I am getting the following Warning when I run the PySpark job:
17/10/06 18:27:16 WARN ARPACK: Failed to load implementation from: com.github.fommil.netlib.NativeSystemARPACK
17/10/06 18:27:16 WARN ARPACK: Failed to load implementation from: com.github.fommil.netlib.NativeRefARPACK
My Code is
mat = RowMatrix(tf_rdd_vec.cache())
svd = mat.computeSVD(num_topics, computeU=False)
I am using Ubuntu 16.04 EC2 instance.
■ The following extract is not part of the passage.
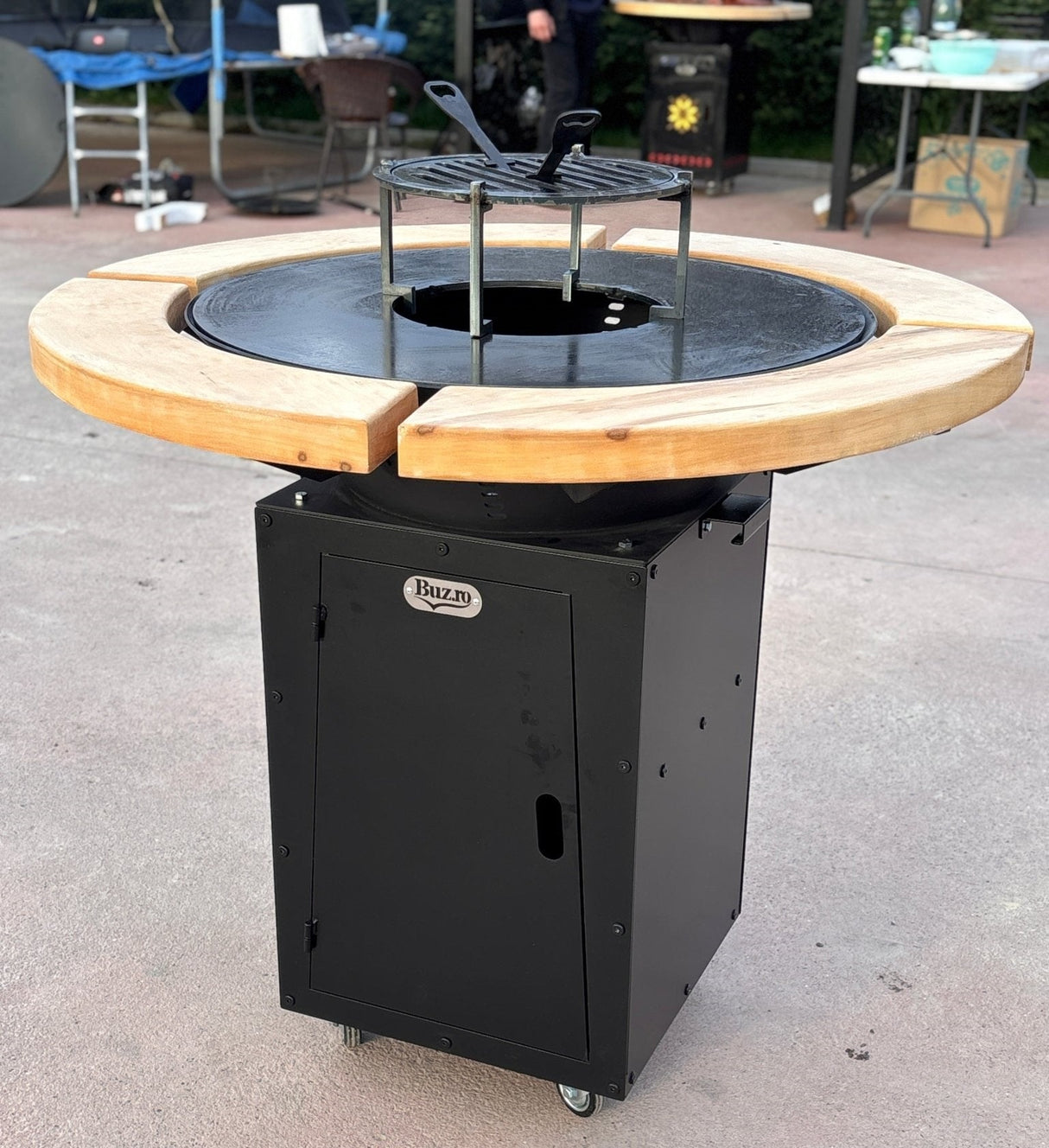 Gratar Rotund Gradina 107cm|diametru Plita 75 cm| grosime 8/10 mm cu reglare tiraj si tavita cenusa blat de lemn - BUZ.RO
And I have installed all following libraries into my system.
sudo apt install libarpack2 Arpack++ libatlas-base-dev liblapacke-dev libblas-dev gfortran libblas-dev liblapack-dev libnetlib-java libgfortran3 libatlas3-base libopenblas-base
I have adjusted LD_LIBRARY_PATH to point to shared lib path as following.
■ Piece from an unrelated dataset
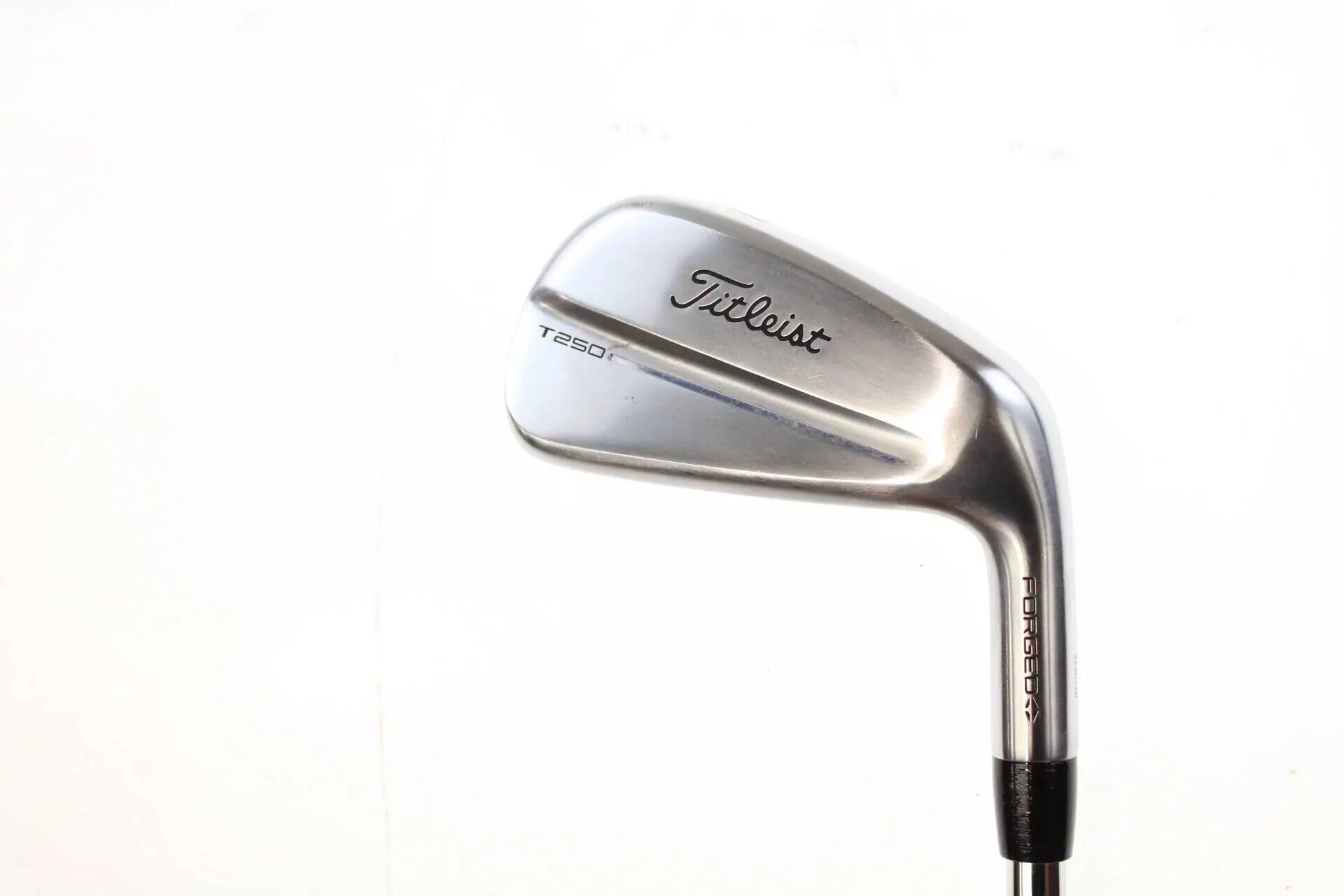 TITLEIST picture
export LD_LIBRARY_PATH=/usr/lib/
Now when I list $LD_LIBRARY_PATH directory it shown me the following .so files
ubuntu:~$ ls $LD_LIBRARY_PATH/*.so | grep "pack\|blas"
/usr/lib/libarpack.so
/usr/lib/libblas.so
/usr/lib/libcblas.so
/usr/lib/libf77blas.so
/usr/lib/liblapack_atlas.so
/usr/lib/liblapacke.so
/usr/lib/liblapack.so
/usr/lib/libopenblasp-r0.2.18.so
/usr/lib/libopenblas.so
/usr/lib/libparpack.so
But Still I am not able to use the Native ARPACK implementation. Also I am Caching the RDD passing to matrix But it still throws Cache WARNING Any suggestion how to solve these 3 Warnings ?
I have downloaded compiled version of spark-2.2.0 from the spark download page.